• The task:
Dropping every picture, set down exactly the lines in the entries below, starting with the line with "Кухонный портативный соковыжиматель" and going on through the line with "Ателье Марина на проспекте Ленина на карте".
Exercise data section start
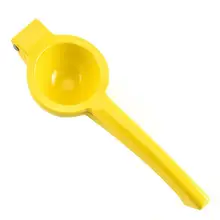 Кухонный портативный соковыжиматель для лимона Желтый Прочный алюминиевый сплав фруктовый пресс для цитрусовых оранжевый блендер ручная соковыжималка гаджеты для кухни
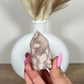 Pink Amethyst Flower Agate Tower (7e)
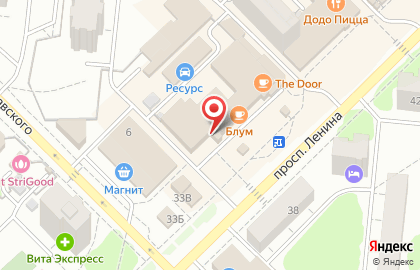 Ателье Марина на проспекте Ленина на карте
Exercise data section end
Exercise data section start
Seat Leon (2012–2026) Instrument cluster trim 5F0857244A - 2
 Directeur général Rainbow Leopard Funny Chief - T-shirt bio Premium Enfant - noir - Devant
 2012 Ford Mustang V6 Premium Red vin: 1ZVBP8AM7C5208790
Exercise data section end
Exercise data section start
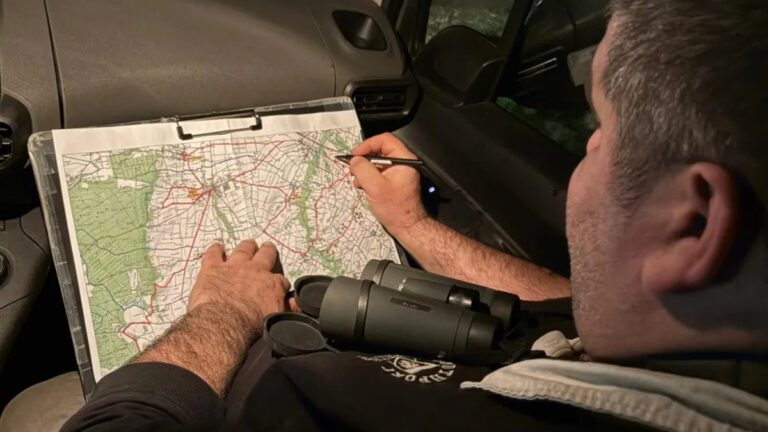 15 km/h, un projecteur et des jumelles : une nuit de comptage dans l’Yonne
Exercise data section end
• Output:
 Кухонный портативный соковыжиматель для лимона Желтый Прочный алюминиевый сплав фруктовый пресс для цитрусовых оранжевый блендер ручная соковыжималка гаджеты для кухни
 Pink Amethyst Flower Agate Tower (7e)
 Ателье Марина на проспекте Ленина на карте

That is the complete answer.